Es ist eine ewige, wahrscheinlich müßige Frage, ob die Welt immer
besser wird oder immer schlimmer. Sicher aber ist, dass die Welt immer
lauter wird. Und dass die Wortproduzenten eine führende Rolle bei der
Lärmemission spielen. Früher dachte und sprach man auch in kleineren
Zeiträumen, denken wir nur an ehrwürdige Wörter wie: Schrecksekunde,
Fünfminutenterrine, Stundenhotel oder Wonnemonat. Heute muss immer
gleich das Jahrhundert beschworen werden, gleichviel, ob wirklich
Jahrhundertfiguren am Werke sind. Holt sich einer der nervigen
Klitschko-Brüder ein blaues Auge, oder gar dieser verbeulte Mann, den
sie den Tiger nennen, ist unweigerlich von einem Jahrhundertboxkampf
die Rede. Die Wörter Kult, Hype und Ikone sind durch millionenfachen
Missbrauch zu Blödwörtern geworden, und jetzt wird das Jahrhundert
leergepresst. Zum Gedröhne passt, dass man im ZDF an diesem Freitag
die erbitterte Suche nach dem "größten Deutschen" fortsetzt und nun
endlich die Top 100 präsentieren wird.
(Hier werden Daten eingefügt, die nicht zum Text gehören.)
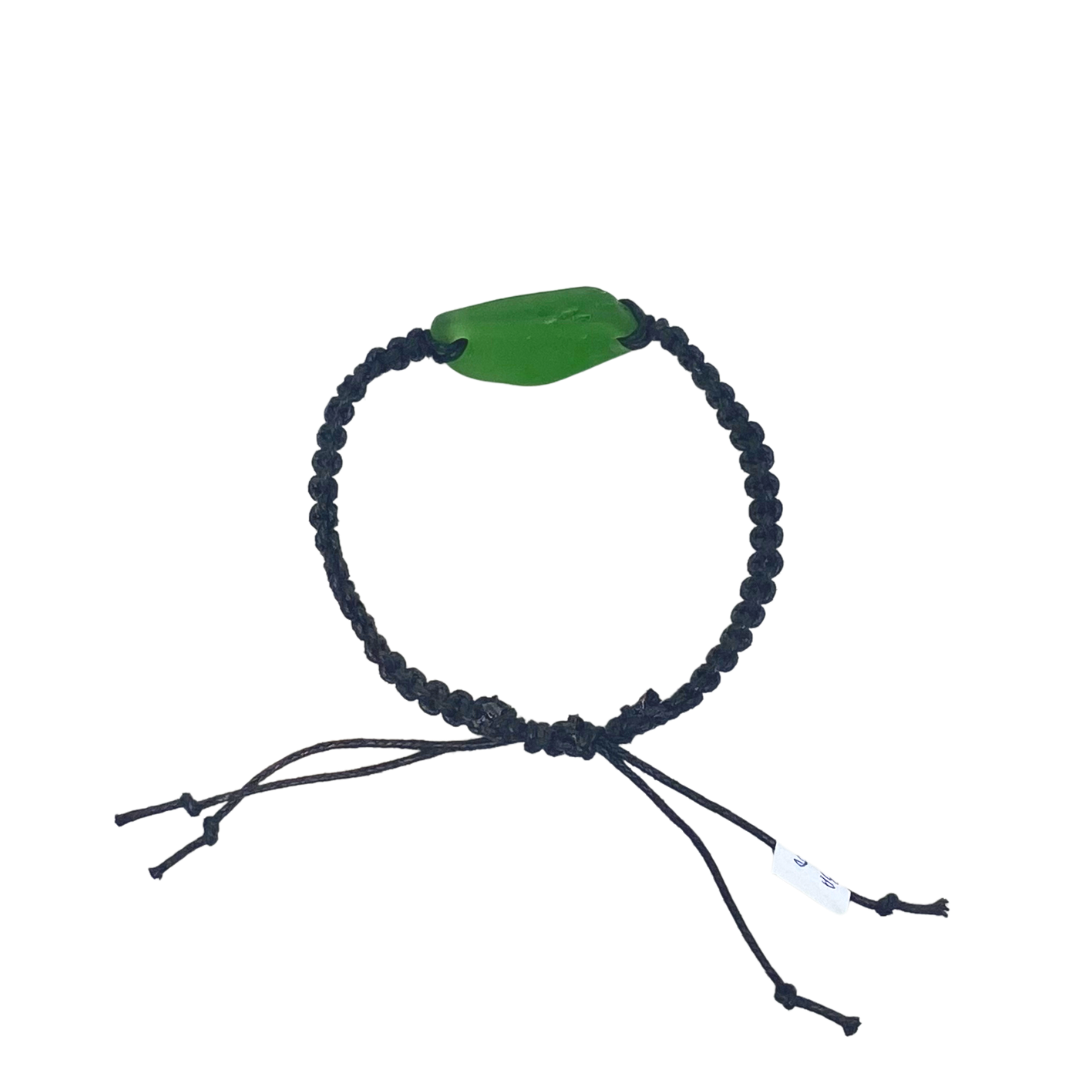 Mula Isla Sea Glass Bracelet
Man könnte sich schon wieder
maßlos aufregen und vom Jahrhundertschwachsinn sprechen. Aber wir
wollten ja eine langweilige Woche haben, eine gemütliche, also lassen
wir es.
Warten wir lieber auf den Jahrhundertwein, mit dem wir fröhlich
eintreten wollen in unsere Blaue Periode. Und suchen wir bis dahin
Trost bei der Geschichte vom Anfang aller Dinge. Als der Herr das
Licht und die Finsternis trennte, die Erde schuf und das Meer, die
Vögel und die Seeungetüme. "Und Gott sah, dass es gut war". Welch eine
geradezu göttlich bescheidene Formulierung, welch eine himmlische
Untertreibung im Angesicht eines Jahrmilliardenwerkes! Und sah, dass
es gut war. Mehr nicht. Aber klar ist wohl auch, dass man einen
Ghostwriter wie diesen Herrn Moses, der die Schlagzeilen und Pointen
derart verschenkt, heutzutage feuern würde. Fristlos.